D’autres aspects auraient également mérité plus d’attention. C’est le cas des personnages d’Elise et de Jorg, dont on connaît finalement très peu de choses. On sait cependant qu’ils font partie de La stratégie des As et on peut s’imaginer qu’ils y ont été plus développés. Ex Dei introduit ces deux personnages comme si le lecteur les connaissait déjà. Par conséquent, il aurait peut-être été plus judicieux pour une bonne compréhension de l’histoire et des personnages, ainsi qu’une plus grande immersion dans l’univers de l’auteur, de présenter Ex Dei comme une suite, plutôt que comme un roman indépendant.
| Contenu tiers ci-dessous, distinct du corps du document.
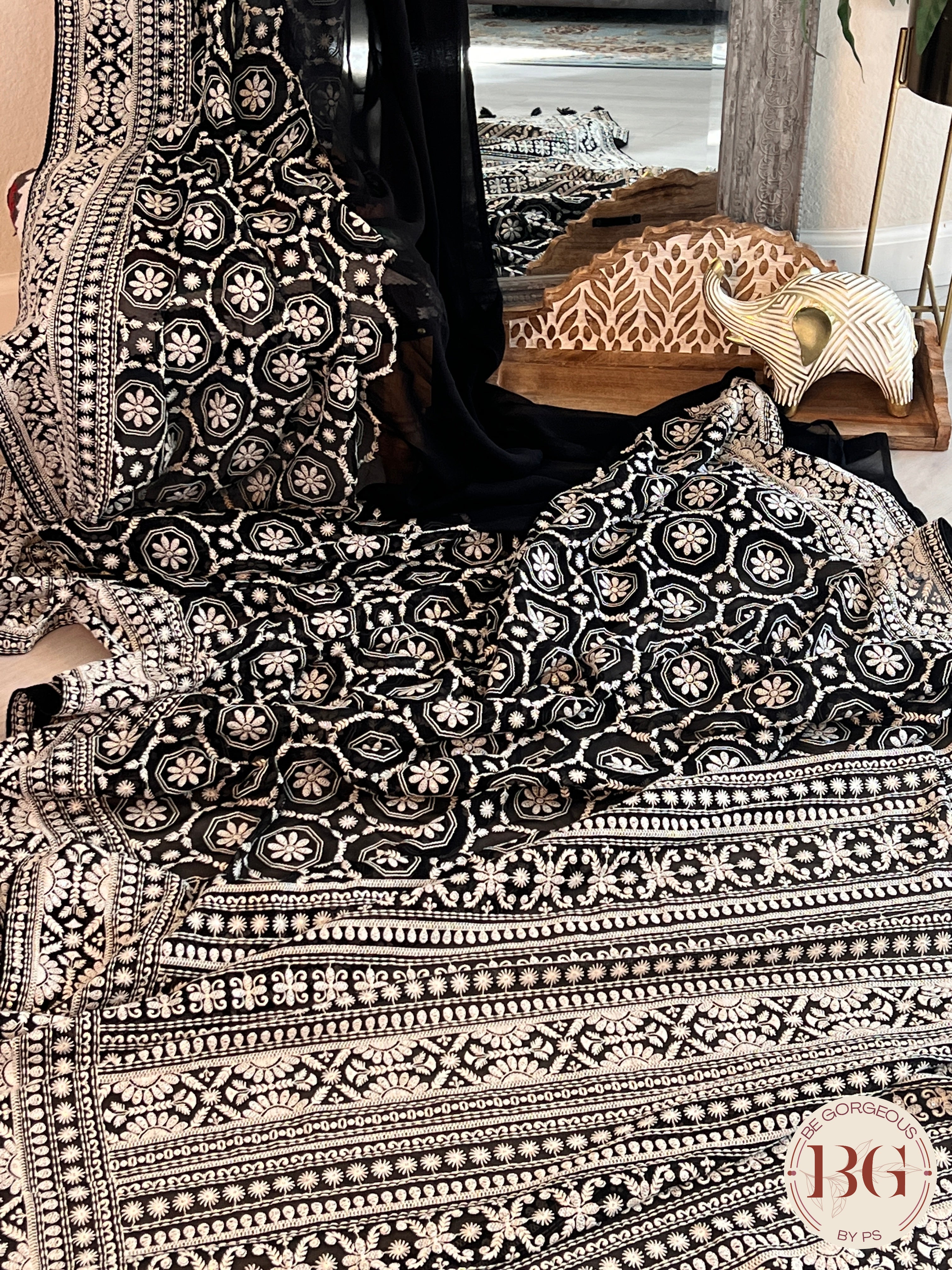 Chikankari with sequin Black Geometrical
Du point de vue de l’intrigue, il y a également une grande différence entre la narration de l’elfe et celle de l’humaine, toutes les deux écrites à la première personne. En effet, si l’intrigue autour de Marion se concentre sur le mystère qui s’invite dans le Cercle, la narration de James est beaucoup plus dispersée et sans véritable fil conducteur. Avant qu’il ne retrouve Marion après plus de trois cents pages de livre, les épisodes de sa narration sont sans réel intérêt ni pour l’intrigue ni pour la construction de l’univers, même s’ils permettent à l’auteur d’aborder des thèmes sociétaux qui résonnent avec les maux réels, comme le racisme, les différences sociales ou la colonisation. Il fuit pour sauver sa vie, mais les raisons de cette course-poursuite sont en réalité ridicules et les faits narrés ne jouent pas de véritable rôle dans l’histoire. Cela rend la première partie de la narration de James lente et peu palpitante.
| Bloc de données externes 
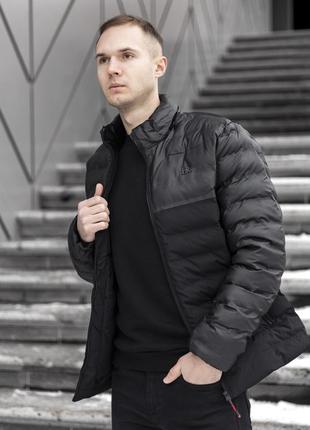 Чоловіча зимова куртка стьобана чорна на флісі до -15 °c  ⁇  пуховик чоловічий зимовий стьобаний на флісі (bon)5 фото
En revanche, la narration de Marion est mieux construite (bien qu’elle commence avec une scène de rupture étrange qui n’apporte pas non plus grand-chose à l’histoire). Elle tourne autour de l’arrivée d’un personnage mystérieux qui menace le Cercle des Historiens. L’intrigue soulève de nombreuses questions et pique la curiosité du lecteur qui cherche, tel un détective, à démêler les évènements et découvrir la vérité. Malheureusement, le roman donne finalement très peu de réponses à toutes ces questions, ce qui se traduit par un manque d’adrénaline qui empêche le livre d’être le page-turner qu’on voudrait qu’il soit. La fin ouverte est cependant surprenante et laisse imaginer une suite qui pourrait enfin répondre à toutes les questions soulevées par Ex Dei.
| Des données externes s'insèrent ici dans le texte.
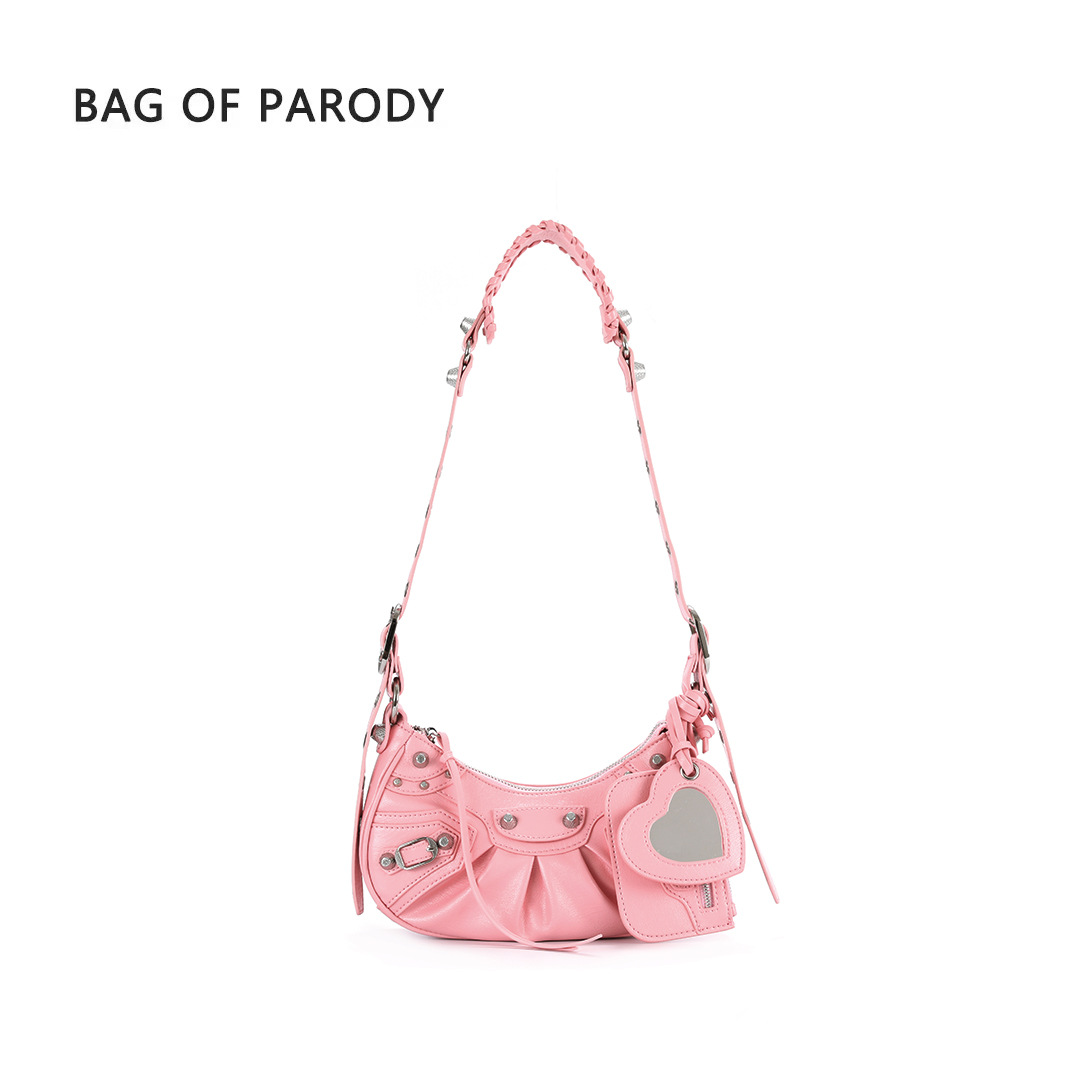 BAG OF PARODY designer bag Light luxury high quality Willow nail bag spicy girl armpit bag monthly tooth bag shoulder bag half moon motorcycle bag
Enfin, malgré quelques tournures de phrases erronées (« Les bouleaux étaient trop denses mon véhicule » p. 213), le style d’écriture est fluide et clair, ce qui rend la lecture agréable et limpide. En outre, les changements de narration réguliers entre la voix de James et celle de Marion sont faciles à suivre. Cependant, lorsque les deux narrations se rejoignent, il y a des répétitions et parfois des incohérences. S’il est intéressant de découvrir une même scène à travers le regard de deux personnages différents, la pertinence de cette double perspective n’est valable que si ces deux narrations se complètent plutôt que de se répéter et se contredire.

En conclusion, Ex Dei est un chouette roman, agréable à lire et à l’univers intéressant, mais qui laisse malheureusement un petit goût de trop peu, car on aimerait être emmené de manière plus profonde dans l’univers. La fin ouverte – trop, sans doute – et le manque de dénouement est source de frustration et laisse une impression d’inachevé. On peut espérer qu’une suite plus aboutie viendra lever le voile sur le mystère.